A Brief History of Vaccine Controversy: Dispelling Four Common Myths

Vaccine skepticism is nothing new, but it is increasingly common these days. Anti-vaccine sentiment re-emerged in the modern era in the late 1990s, with fears that vaccines potentially caused autism. In the post-COVID-19 era, vaccine hesitancy is much more prevalent, with a bevy of reasons underlying this fear.

In this blog, we’ll take a quick look at the science behind vaccinations and then dispel four common myths and misconceptions regarding the impact vaccines have on our body.

The Science of Inoculation

A child receiving a vaccine by injection.

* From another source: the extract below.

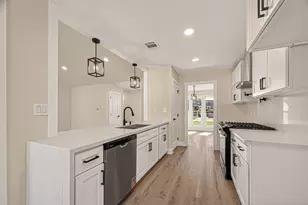5718 Longforest Dr, Houston, TX 77088 - Photo 16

Vaccines work by triggering our adaptive immune system, which is the second line of defense against antigens (foreign toxins in the body). We have many different types of white blood cells, the most important of which in our adaptive immune system are B cells. Killer B cells are like antibody factories. Antibodies bind to antigens and mark infected cells for death. Memory B cells preserve knowledge of an antigen so that your body can fight it better and faster should you come into contact with it again.

While there are a few different types of vaccines, they all take advantage of the way the adaptive immune system works. Whether the vaccine is administering a dead, attenuated, or recombinant form of the virus, a viral vector, or mRNA with instructions to fight the virus, they all activate the adaptive immune system to create antibodies that can fight the target virus. It is your natural immune response that causes vaccines to work. The vaccine is just like training wheels for your B cells.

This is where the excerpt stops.